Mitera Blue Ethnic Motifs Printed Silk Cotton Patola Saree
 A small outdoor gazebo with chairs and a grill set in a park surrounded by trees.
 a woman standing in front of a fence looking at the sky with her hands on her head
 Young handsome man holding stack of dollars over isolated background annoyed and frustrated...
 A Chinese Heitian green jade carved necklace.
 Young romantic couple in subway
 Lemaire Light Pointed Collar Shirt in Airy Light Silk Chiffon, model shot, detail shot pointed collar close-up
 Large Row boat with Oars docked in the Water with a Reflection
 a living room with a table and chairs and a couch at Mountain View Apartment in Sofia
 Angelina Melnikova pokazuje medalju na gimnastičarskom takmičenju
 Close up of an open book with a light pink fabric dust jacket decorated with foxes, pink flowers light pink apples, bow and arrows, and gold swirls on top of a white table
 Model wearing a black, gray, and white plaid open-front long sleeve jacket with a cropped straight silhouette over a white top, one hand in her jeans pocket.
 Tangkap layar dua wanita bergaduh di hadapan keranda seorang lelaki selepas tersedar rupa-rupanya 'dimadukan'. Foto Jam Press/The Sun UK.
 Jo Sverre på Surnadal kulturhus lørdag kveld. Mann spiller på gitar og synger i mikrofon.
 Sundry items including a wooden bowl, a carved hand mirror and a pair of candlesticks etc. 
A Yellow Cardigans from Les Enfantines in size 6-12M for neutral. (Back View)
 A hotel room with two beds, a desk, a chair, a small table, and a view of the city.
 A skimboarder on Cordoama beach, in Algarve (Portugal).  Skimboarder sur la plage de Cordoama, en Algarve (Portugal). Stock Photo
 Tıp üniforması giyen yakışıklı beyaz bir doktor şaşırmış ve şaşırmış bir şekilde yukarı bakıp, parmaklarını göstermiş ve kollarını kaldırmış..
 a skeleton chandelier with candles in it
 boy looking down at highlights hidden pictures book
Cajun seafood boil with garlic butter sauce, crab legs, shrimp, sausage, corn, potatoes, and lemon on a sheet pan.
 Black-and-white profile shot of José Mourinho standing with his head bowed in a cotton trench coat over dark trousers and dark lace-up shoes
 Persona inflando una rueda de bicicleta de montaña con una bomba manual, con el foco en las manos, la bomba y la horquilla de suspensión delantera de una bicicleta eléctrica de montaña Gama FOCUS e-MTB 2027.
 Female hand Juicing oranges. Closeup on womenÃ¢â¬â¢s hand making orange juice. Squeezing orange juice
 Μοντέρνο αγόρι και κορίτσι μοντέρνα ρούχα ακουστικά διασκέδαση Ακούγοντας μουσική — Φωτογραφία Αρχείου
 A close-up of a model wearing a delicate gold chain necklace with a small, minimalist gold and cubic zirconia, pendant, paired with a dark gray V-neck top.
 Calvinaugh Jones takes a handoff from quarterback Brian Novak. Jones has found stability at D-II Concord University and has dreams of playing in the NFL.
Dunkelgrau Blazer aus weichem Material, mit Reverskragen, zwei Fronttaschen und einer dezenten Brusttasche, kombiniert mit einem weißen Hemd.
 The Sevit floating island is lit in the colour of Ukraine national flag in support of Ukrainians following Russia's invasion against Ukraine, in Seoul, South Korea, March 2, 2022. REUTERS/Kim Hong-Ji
──────────────────────────────
### TASK DIRECTIONS
Repeat the listing above in full, exactly as given.

### WORKED SOLUTION
Mitera Blue Ethnic Motifs Printed Silk Cotton Patola Saree
 A small outdoor gazebo with chairs and a grill set in a park surrounded by trees.
 a woman standing in front of a fence looking at the sky with her hands on her head
 Young handsome man holding stack of dollars over isolated background annoyed and frustrated...
 A Chinese Heitian green jade carved necklace.
 Young romantic couple in subway
 Lemaire Light Pointed Collar Shirt in Airy Light Silk Chiffon, model shot, detail shot pointed collar close-up
 Large Row boat with Oars docked in the Water with a Reflection
 a living room with a table and chairs and a couch at Mountain View Apartment in Sofia
 Angelina Melnikova pokazuje medalju na gimnastičarskom takmičenju
 Close up of an open book with a light pink fabric dust jacket decorated with foxes, pink flowers light pink apples, bow and arrows, and gold swirls on top of a white table
 Model wearing a black, gray, and white plaid open-front long sleeve jacket with a cropped straight silhouette over a white top, one hand in her jeans pocket.
 Tangkap layar dua wanita bergaduh di hadapan keranda seorang lelaki selepas tersedar rupa-rupanya 'dimadukan'. Foto Jam Press/The Sun UK.
 Jo Sverre på Surnadal kulturhus lørdag kveld. Mann spiller på gitar og synger i mikrofon.
 Sundry items including a wooden bowl, a carved hand mirror and a pair of candlesticks etc. 
A Yellow Cardigans from Les Enfantines in size 6-12M for neutral. (Back View)
 A hotel room with two beds, a desk, a chair, a small table, and a view of the city.
 A skimboarder on Cordoama beach, in Algarve (Portugal).  Skimboarder sur la plage de Cordoama, en Algarve (Portugal). Stock Photo
 Tıp üniforması giyen yakışıklı beyaz bir doktor şaşırmış ve şaşırmış bir şekilde yukarı bakıp, parmaklarını göstermiş ve kollarını kaldırmış..
 a skeleton chandelier with candles in it
 boy looking down at highlights hidden pictures book
Cajun seafood boil with garlic butter sauce, crab legs, shrimp, sausage, corn, potatoes, and lemon on a sheet pan.
 Black-and-white profile shot of José Mourinho standing with his head bowed in a cotton trench coat over dark trousers and dark lace-up shoes
 Persona inflando una rueda de bicicleta de montaña con una bomba manual, con el foco en las manos, la bomba y la horquilla de suspensión delantera de una bicicleta eléctrica de montaña Gama FOCUS e-MTB 2027.
 Female hand Juicing oranges. Closeup on womenÃ¢â¬â¢s hand making orange juice. Squeezing orange juice
 Μοντέρνο αγόρι και κορίτσι μοντέρνα ρούχα ακουστικά διασκέδαση Ακούγοντας μουσική — Φωτογραφία Αρχείου
 A close-up of a model wearing a delicate gold chain necklace with a small, minimalist gold and cubic zirconia, pendant, paired with a dark gray V-neck top.
 Calvinaugh Jones takes a handoff from quarterback Brian Novak. Jones has found stability at D-II Concord University and has dreams of playing in the NFL.
Dunkelgrau Blazer aus weichem Material, mit Reverskragen, zwei Fronttaschen und einer dezenten Brusttasche, kombiniert mit einem weißen Hemd.
 The Sevit floating island is lit in the colour of Ukraine national flag in support of Ukrainians following Russia's invasion against Ukraine, in Seoul, South Korea, March 2, 2022. REUTERS/Kim Hong-Ji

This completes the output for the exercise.